Privacy in the digital age often seems far more complicated than it ought to be.  If asked whether there exists a case in which one’s personal information should be shared or viewed by a third party or government agency, most people would respond with a resounding, “Hell no!”  And rightfully so.  However, it’s also common knowledge that if you have a profile up on any social network, or even if you just have a Google account through which you surf the web, your personal information and interests have been, and are currently, undoubtedly being shared with market parties you have no say in, all with such little protest from the public that most of us simply have come to accept it as an unavoidable fact of the technologies we depend on to get by in the modern world.  Thus, it is no surprise that there exists a side in the current fight between the Apple corporation and the FBI, which readily wishes to dismiss us worrywarts as being overly paranoid in the debate.  Because from their perspective, the idea that allowing the FBI to gain access to one phone, from one customer, connected to an act of terrorism is not equivalent to Big Brother moving in to depose of our civil liberties.  In this view, trading a bit of privacy for added security is a no-brainer.  If you haven’t caught on yet, I strongly disagree with this viewpoint.

Maybe it bears no need of repeating, but government agencies in the U.S. (and elsewhere) haven’t exactly had the best record when it comes to respecting their citizens’ right to privacy.  In fact, it is a callous mode of operation that continues to happen, again and again.  So, forgive us, brave protectors of our collective securities if we are not as optimistic about the prospect of allowing a precedent to be set on our privacy rights, to be potentially abused by institutions that have done nothing to earn our trust in their beneficence in upholding this area of the law.

Looking back I remember the indignation with which President Bush scolded those who of us who cared to raise objection to the warrantless wiretapping conducted by the NSA under his orders.  I also remember President Obama sternly rejecting calls of hypocrisy on his part when he allowed this same invasion of privacy and liberties to continue under his presidency when he had spent so much time campaigning against such abuses of executive power during his bid for the White House.  There is one thing, however, I agree with President Obama about when he was laughably trying to defend himself from critics (especially those who had once supported him) on the onset of the Edward Snowden leaks.  I remember the President mention that the conversation of choosing between privacy and security was an important one to have.  And this is absolute true!  Unfortunately, what the president does not–or will not–understand is that it is a conversation we ought to be having before such breaches of our liberties are undertaken.  Discussing it after the fact, and then dismissing our hostility at having our privacy violated as imbecilic, is insulting to our collective intelligence and undignifying, to say the least.

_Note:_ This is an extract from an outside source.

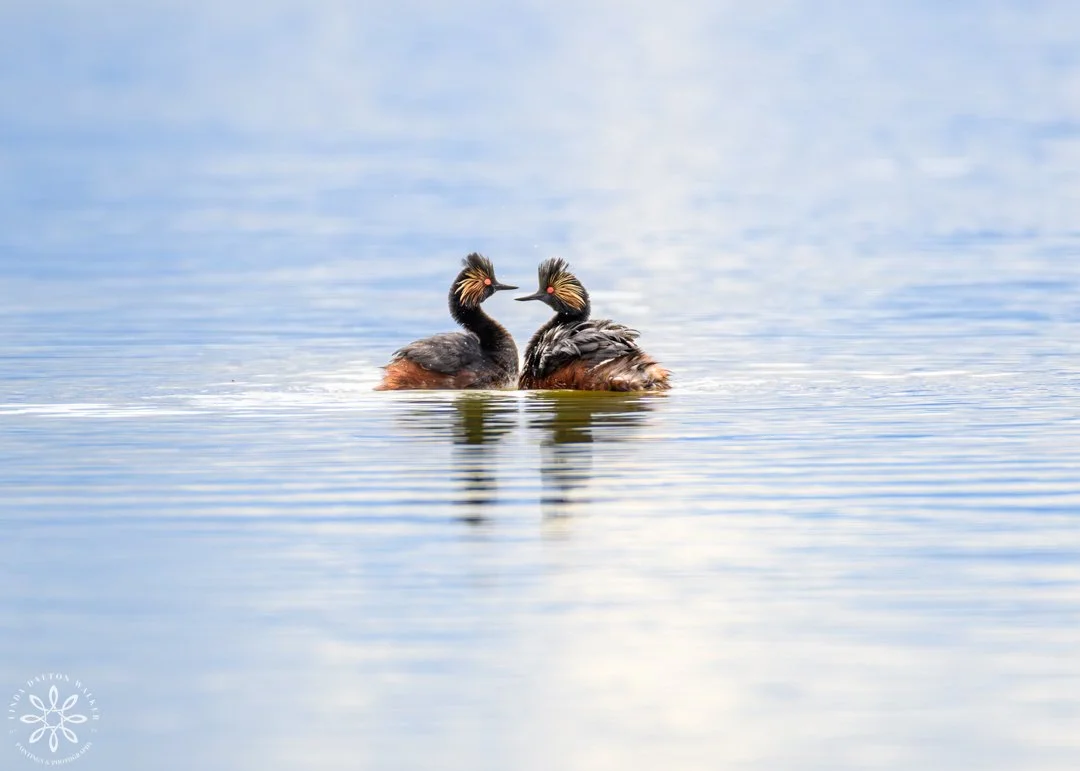 Eared Grebes, Beginning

For those who say they are willing to grant institutions like the FBI access to their phones, if it means a possible increase in combating global terrorism and societal security, I wish you well with your optimism.  But do not dare speak on my behalf to implement your priorities into our laws.   And please don’t condescend to me as if you’re the levelheaded adult in this conversation, and we’re all a bunch of babbling infants, too stupid to understand the bigger picture you are wont of protecting.   Because I can see a bigger picture too, and it does not involve overreaching agencies suddenly learning the importance of restraint with next to unlimited power, when all notable evidence points to them never having learned it to begin with.